RMT's Bondholders Turn Down Restructuring Plan
On Wednesday, the Singapore-based shipowner Rickmers Maritime Trust (RMT) said that investors had rejected a restructuring plan for $70 million in maturing debt. This is second time that its bondholders have turned the proposal down. RMT said that it would continue talks with senior investors on selling ships to raise capital.
Trading in RMT’s stock was suspended in mid-November when the firm missed a $3 million interest payment and warned that it could not guarantee the continuance of its operations. RMT has cautioned its investors that liquidation or judicial management would likely mean "zero recovery for noteholders."
Like other Singaporean maritime firms, RMT faces an extra hurdle in negotiations with creditors: the firm says that local regulations limit liquidity and pricing transparency in the corporate bond market, giving bondholders an incentive to hang on to their investments and resist restructuring. The minimum bond denomination is set at $170,000, and bondholders must be "accredited" investors with significant assets. RMT asserts that these requirements limit the pool of potential buyers, which reduces bond trading activity and makes it difficult to price debt.

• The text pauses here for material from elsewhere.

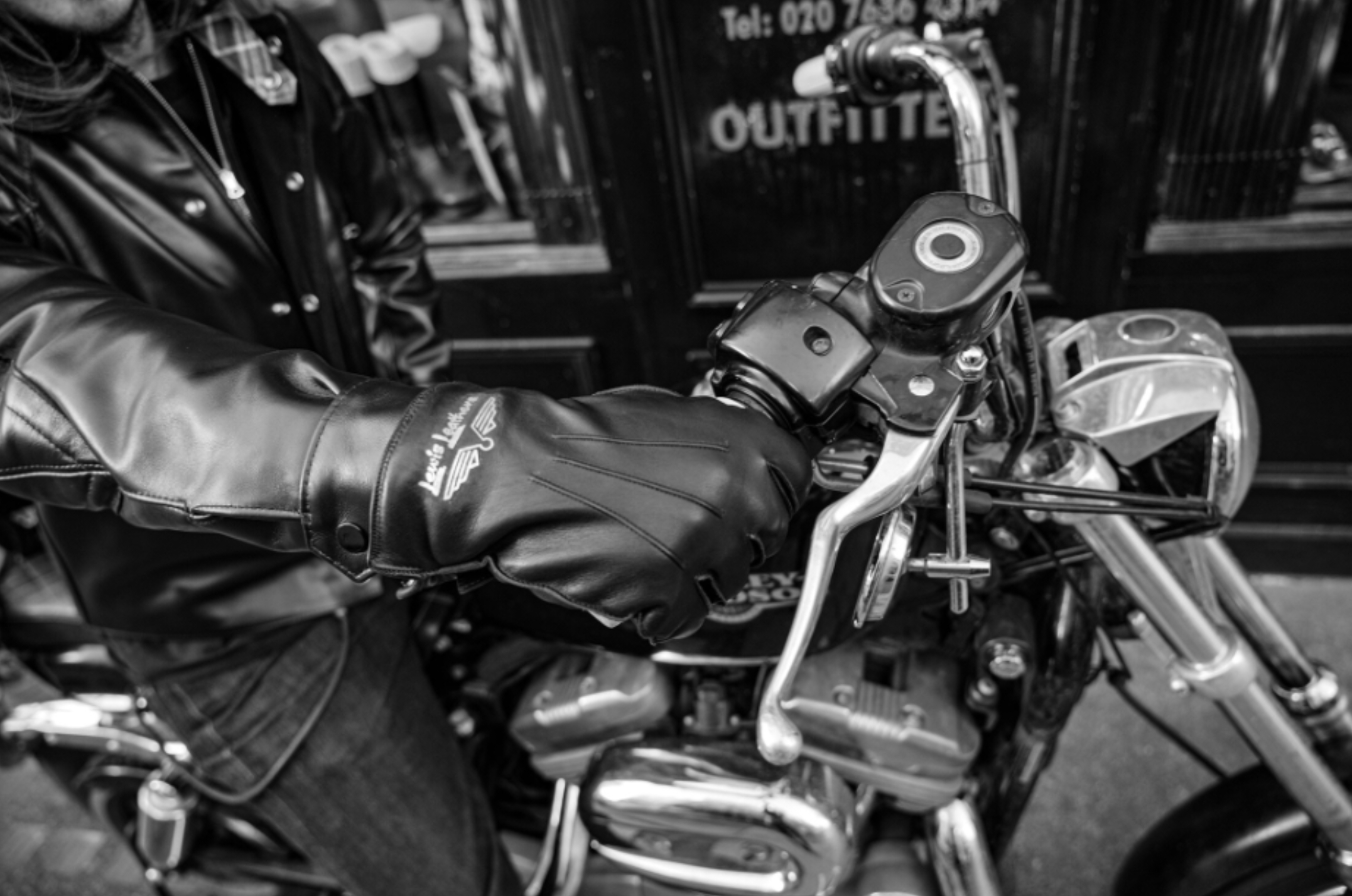 Lewis Leathers / 810 Gloves Unlined Black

Structural changes create difficulties for Panamax owners
RMT is a non-operating shipowner with 15 Panamax container vessels. Container carriers face challenges from overcapacity, and the Panamax segment has been particularly hard-hit: the enlargement of the Panama Canal allows more efficient post-Panamax ships to trade between the Pacific and Atlantic basins, reducing demand for older, smaller Panamax vessels.
In early December, RMT said that it had laid up five of its ships due to low demand. Six more are operating on the spot market, where charter rates have fallen as low as $4,500 per day – well below recent estimates of operating costs. A decline in rates means a decline in value, and Panamax container vessels have lost as much as two thirds of their worth over the past twelve months, forcing firms like RMT to take impairments.
In a move emblematic of the state of the market, RMT recently scrapped the 2009-built India Rickmers to settle a loan from Commerzbank. She was purchased new for $60 million just seven years ago, but her value as an operating vessel was recently estimated at $6 million. She is believed to be the youngest container ship ever scrapped.